Lewitt Somarajan, Founder & CEO, Life-Lab, 30, in a brief chat explains Brainfeed Higher Education Plus how systematic changes in pedagogy and learning can impact the overall education structure in India
Q. You are a facilitator of Activity Based Learning (ABL) in institutions, how has this impacted the pedagogy?
Life-Lab recognizes that activity-based learning (ABL) has failed to percolate to low-income schools in India as there have been no support structures to enable teachers to repurpose their roles as facilitators. Life-Lab is bridging this critical gap by designing and codifying these support structures through a three-year-long coaching process. Through easy-to-use toolkits that guide teachers in low-income schools to transition to their new roles as effective facilitators, nudging students to take charge of their own learning.
Q. Where do we lack in incorporating the necessary skills in youth?
The question of instituting quality and moving from the detrimental practice of rote learning has plagued the Indian education sector for over two decades now. Evidently, a need for practices to improve the fractured process of imparting education in classrooms has been felt. Research confirms that students who practice what they are learning in a hands-on environment can often retain three and a half times as much as opposed to just sitting in a lecture room and listening intently. ABL or Inquiry-based learning (IBL) has for long been a proven pedagogy to improve quality of education and has been endorsed by several leading national and international institutions like the UNICEF and the Government of India.
Unfortunately, despite the pedagogy existing for several decades now, it has faced significant limitations in scaling and being practiced in schools across India. Most successful initiatives have stayed limited to private/ alternative schools. For example, UNICEF’s initiative in India has stayed limited to 270 schools over 12 years and the Indian government’s efforts have failed to scale beyond the first segment of primary education (grade 2). As a result, classrooms rooted in inquiry-based learning remain far from reality. Efforts by CSO’s through training of teachers on toolkits have also failed to integrate the method into the learning process.
A critical gap that all efforts have failed in scaling is in enabling teachers to transition to this new pedagogy. Practicing ABL or IBL requires deeper conceptual clarity and competency on part of the teachers.
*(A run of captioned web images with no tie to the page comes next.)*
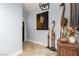 Bright foyer with tiled flooring, decorative art and giraffe statues, and front door access at 800 Antonio Dr, Las Vegas, NV 89107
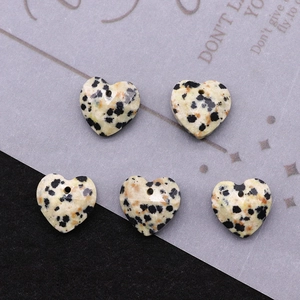 Macro shot of 13mm faceted heart-shaped spotted natural stone beads for DIY jewelry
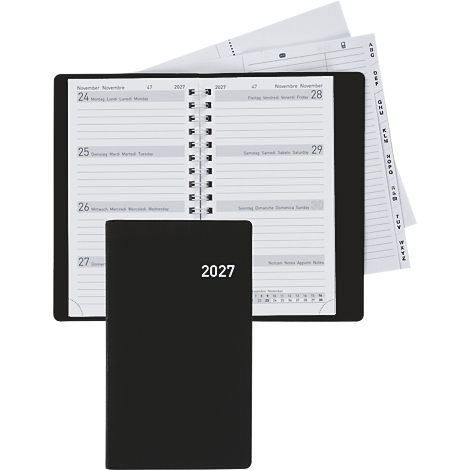 Schwarzes Notizbuch mit der Jahreszahl 2027 vor einem aufgeschlagenen Planer. Im Hintergrund sind Registerkarten zu sehen.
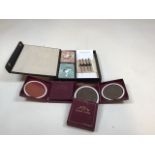 A vintage cased Bridge set complete with pencils and score pad also with a boxed set of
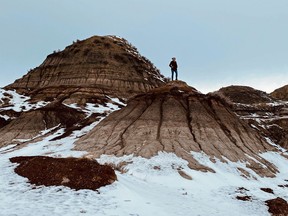 An image of a person standing on a hill in the Canadian Badlands near Drumheller, Alberta, Canada in winter.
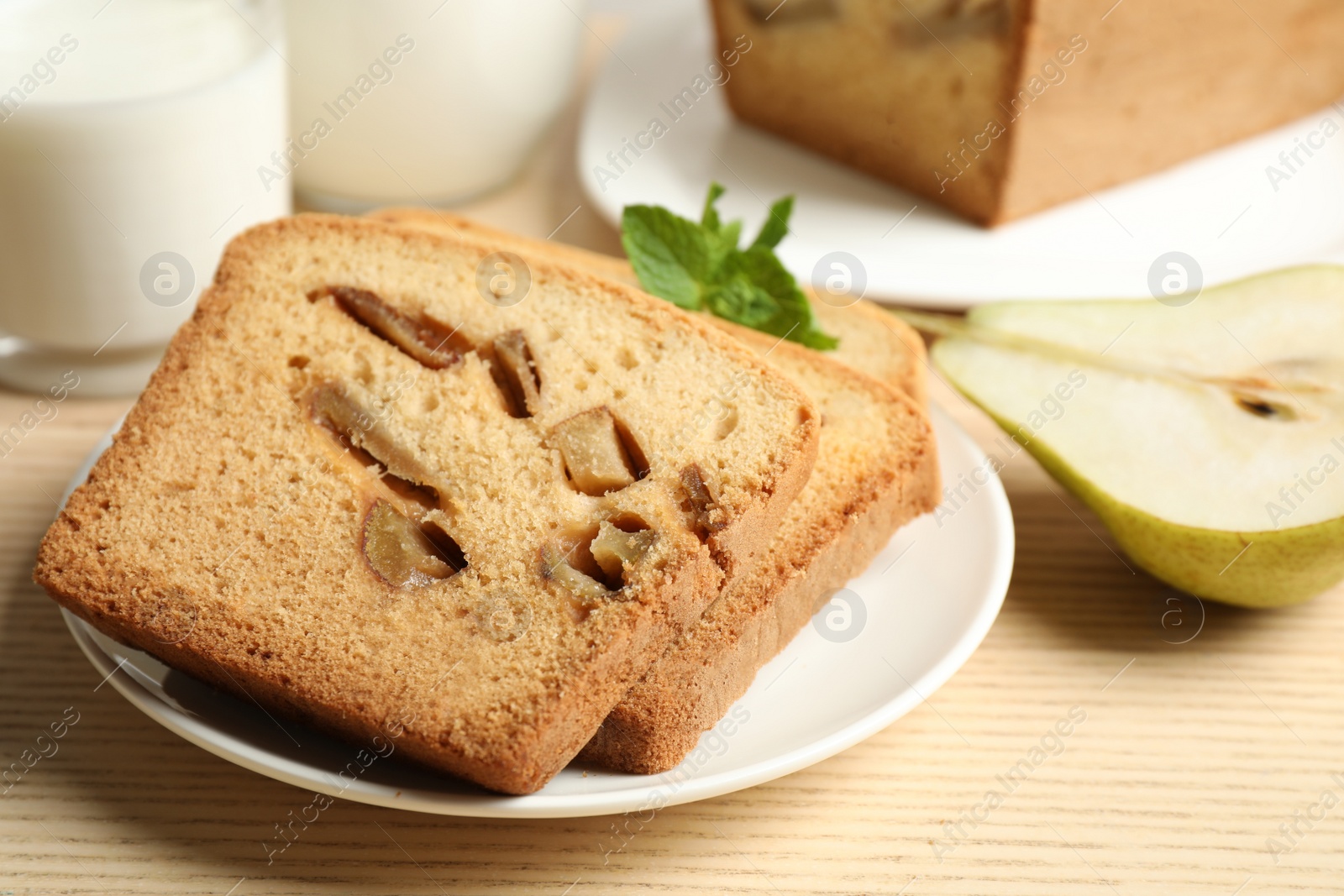 Photo of Tasty pear bread on wooden table, closeup. Homemade cake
However, teachers, especially those in low-income schools, are products of traditional methods of education and the Central Teacher Eligibility Test is increasingly revealing how ill-equipped teachers are – only 5.6 percent of the teachers passed the test in 2014. There is a need for solutions that empathetically support the shift in mind-sets of teachers and enhance their skills and knowledge.
Q. What can be done to solve this problem?
When the majority of the population is scientifically illiterate, it not only aggravates inequity but also excludes this majority from making decisions and meaningful impact on their environment. Thereby, science learning must be seen as an essential element for the full realization of a human being. We have adopted a threefold strategy to achieve science education for all.
- Creating proof-points by corporate partnership
- Collaborating with other NGOs & social enterprises
- Partnerships with state governments to scale
Q. Is expansion on the cards?
Currently, Life-Lab is working with over 4.5 lakh children across 1300+ schools in the country. Life-Lab program is adopted by the Delhi Government to implement the program across 1000+ schools. In the next 5 years, our goal is to impact 1 million of the 440 million children in India, by enhancing and enriching the quality of science education, with a special focus on the rural region.
Also, Life-Lab last year launched Science-based Graphic Novel, Gappu & Bobo. Children having language proficiency gap with respect to their grade levels has found it really useful.